Example 01:

In a lever, the effort arm is 60 cm and load arm is 40 cm. Find its mechanical advantage:

Given: Effort arm = E.A. = 60 cm, Load arm = L.A. = 40 cm

To Find: Mechanical advantage = M.A. =?

Solution:

M.A. = E.A. / L.A. = 60 /40 = 1.5

Ans: Mechanical advantage of lever is 1.5

Example 02:

A crowbar of length 120 cm has its fulcrum situated at a distance of 20 cm from the load. Calculate the mechanical advantage of the crowbar.

Crowbar is class I lever

Given: Effort arm = E.A. = 100 cm, Load arm = L.A. = 20 cm

To Find: Mechanical advantage = M.A. =?

Solution:

M.A. = E.A. / L.A. = 100 /20 = 5

Ans: Mechanical advantage is 5

Example 03:

A pair of scissors has its blades 15 cm long, while its handles are 7.5 cm long. Find its mechanical advantage:

Given: Effort arm = E.A. = 7.5 cm, Load arm = L.A. = 15 cm

To Find: Mechanical advantage = M.A. =?

Solution:

M.A. = E.A. / L.A. = 7.5 /15 = 0.5

Ans: Mechanical advantage of is 0.5

Example 04:

A pair of scissors has its blades 15 cm long, while its handles are 7.5 cm long. Find its mechanical advantage:

Given: Effort arm = E.A. = 7.5 cm, Load arm = L.A. = 15 cm

To Find: Mechanical advantage = M.A. =?

Solution:

M.A. = E.A. / L.A. = 7.5 /15 = 0.5

Ans: Mechanical advantage of is 0.5

Example 05:

If the mechanical advantage of a lever is 10, Find the effort required to lift a box weighing 2500 N?

Given: Mechanical advantage = M.A. = 10, Load = W = 2500 N

To Find: Effort = P =?

Solution:

M.A. = W/P

P = W/M.A. = 2500/10 = 250 N

Ans: Effort required is 250 N

Example 06:

If a lever has a mechanical advantage of 0.5, and a person weighing 600 N sat on the effort arm, how heavy of a person could be lifted who sat on the other end?

Given: Mechanical advantage = M.A. = 0.5, Effort = P = 600 N

To Find: Load = W =?

Solution:

M.A. = W/P

W = M.A. x P = 0.5 x 600 = 300 N

Ans: A person of weight 300 N can be lifted.

Example 07:

A force of 50 N is required to cut a metal sheet.
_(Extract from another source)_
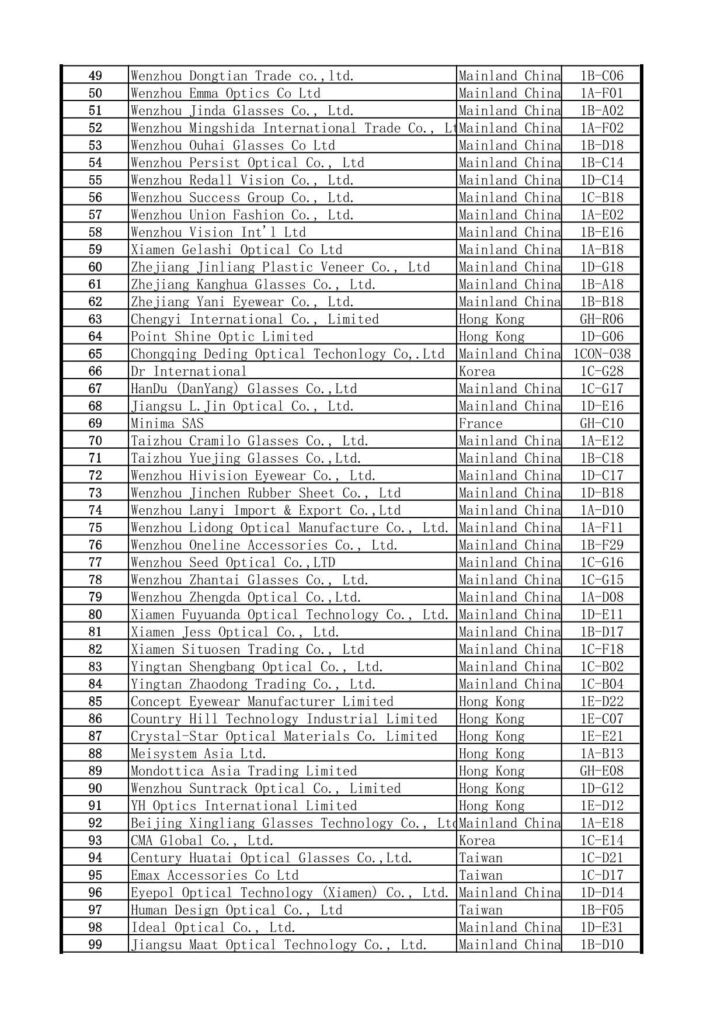 2024 Hong Kong International Optical Fair Exhibitor List-02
A shears used for cutting the metal sheet has its blades 5 cm long, while its handle is 10 cm long. What effort is needed to cut the sheet?

Given: Load = W = 50 N, Effort arm = E.A. = 10 cm, Load arm = L.A. = 5 cm

To Find: Effort = P =?

Solution:

Mechanical advantage = Effort arm/Load arm

M.A. = 10 / 5 = 2

Now, M.A. = W/P

P = W/M.A. = 50/2 = 25 N

Ans: Effort needed to cut sheet is 25 N.

Example 08:

A crowbar 2 m long is pivoted about a point 10 cm from its tip. What is the least force which must be applied at the other end to displace a load of 1000 N.

Given: Load = W = 1000 N, Effort arm = E.A. = 2 m – 10 cm = 1.9 m, Load arm = L.A. = 10 cm = 0.1 m.

To Find: Effort = P =?

Solution:

Mechanical advantage = Effort arm/Load arm

M.A. = 1.9 / 0.1 = 19

Now, M.A. = W/P

P = W/M.A. = 1000/19 = 52.6 N

Ans: Effort = 52.6 N.

Example 09:

The diagram below shows a lever in use. (a) To which class of lever does it belong? (b) If AB =1 m, AF= 0.4 m, find its mechanical advantage. (c) Calculate the value of E.

Solution:

The fulcrum lies between the effort and load, hence it is class I lever.

M.A. = E.A / L.A. = 0.6/0.4 = 1.5

M.A. = W/P

P = W/M.A. = 150/1.5 = 100 N

Ans: It is class I lever, mechanical advantage is 1.5, and effort required to lift 150 N load is 100 N.

Example 10:

The diagram below shows a lever in use. (a) To which class of lever does it belong? (b) If AB =1.2 m, AF= 0.2 m, find its mechanical advantage. (c) Calculate the value of E.

Solution:

The fulcrum lies between the effort and load, hence it is class I lever.

M.A. = E.A / L.A. = 1/0.2 = 5

M.A. = W/P

P = W/M.A. = 180/5 = 36 N

Ans: It is class I lever, mechanical advantage is 5, and effort required to lift 180 N load is 36 N.

Example 11:

A man uses a crowbar of length 1.5 m to raise a load of 750 N by putting a sharp edge below the bar at a distance 1 m from his hand. (a) Draw a diagram of the arrangement showing the fulcrum (F), load (L) and effort (E) with their directions. (b) State the kind of lever. (c) Calculate i) mechanical advantage and (ii) the effort needed.

Solution:

The fulcrum lies between the effort and load, hence it is class I lever.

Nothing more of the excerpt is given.